I have extensive experience with market-based pollution control programs. I have been involved in the Regional Greenhouse Gas Initiative (RGGI) program process since its inception and have no such restrictions when writing about the details of the RGGI program. I have worked on every cap-and-trade program affecting electric generating facilities in New York including RGGI, the Acid Rain Program, and several Nitrogen Oxide programs. I have also been following the New York Cap-and-Invest (NYCI) program and other similar programs in New York The opinions expressed in this post do not reflect the position of any of my previous employers or any other organization I have been associated
Clean Air Initiative
My first thought when I read this was what is the Clean Air Initiative? The report states: “state agencies have developed proposals for an economy-wide cap-and-invest program – known as the Clean Air Initiative (CAI).” I have been following the economy-wide cap-and-invest program and I was unaware of any agency calling the economy-wide program anything other than the New York Cap-and-Invest (NYCI) program. So, I used Perplexity AI to ask if any New York agencies used CAI instead of NYCI. The response stated:
No New York State agency officially refers to the cap-and-invest program as the “Clean Air Initiative.” Throughout all Department of Environmental Conservation (DEC) and New York State Energy Research and Development Authority (NYSERDA) official documentation, press releases, regulatory proposals, and public communications from 2023 through early 2026, the program is consistently designated as:
- New York Cap-and-Invest (NYCI) – the primary official name
- Cap-and-Invest Program – the standard reference
I believe the answer to why these organizations use this nomenclature is directly related to the mission of the organizations. Greenline Insights “provides non-partisan research to drive smart decision-making. We specialize in modeling, analysis, and policy design to maximize positive outcomes for local workforces, businesses, and communities.” Their description of services provided states: “We work with clients to develop compelling research questions and build the right mix of tools to answer them.” Reading between that line I think it means that if a client wants a particular answer, they will get that result.

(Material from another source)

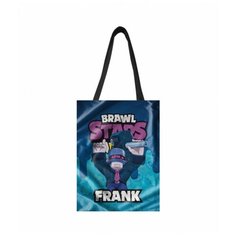 Сумка шоппер GOODbrelok, мультиколор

EDF claims “Guided by science and economics, and committed to climate justice, we work in the places, on the projects and with the people that can make the biggest difference.” According to another Perplexity AI query EDF has “strongly supported the economy-wide cap and invest program proposal included in the Climate Leadership and Community Protection Act (CLCPA) Scoping Plan” finalized in 2022 and since then “has engaged in extensive and sustained lobbying and advocacy efforts to advance New York’s economy-wide cap-and-invest program since early 2023.” EDF has a vested interest in the success of an economy-wide program.
The Perplexity AI “Deep Research” response to my query about the use of CAI the AI program concluded “The Environmental Defense Fund and allied advocacy organizations strategically adopted “Clean Air Initiative” as alternative branding to frame the program around air quality and public health benefits in their campaigns to pressure Governor Hochul to finalize and implement the regulations.”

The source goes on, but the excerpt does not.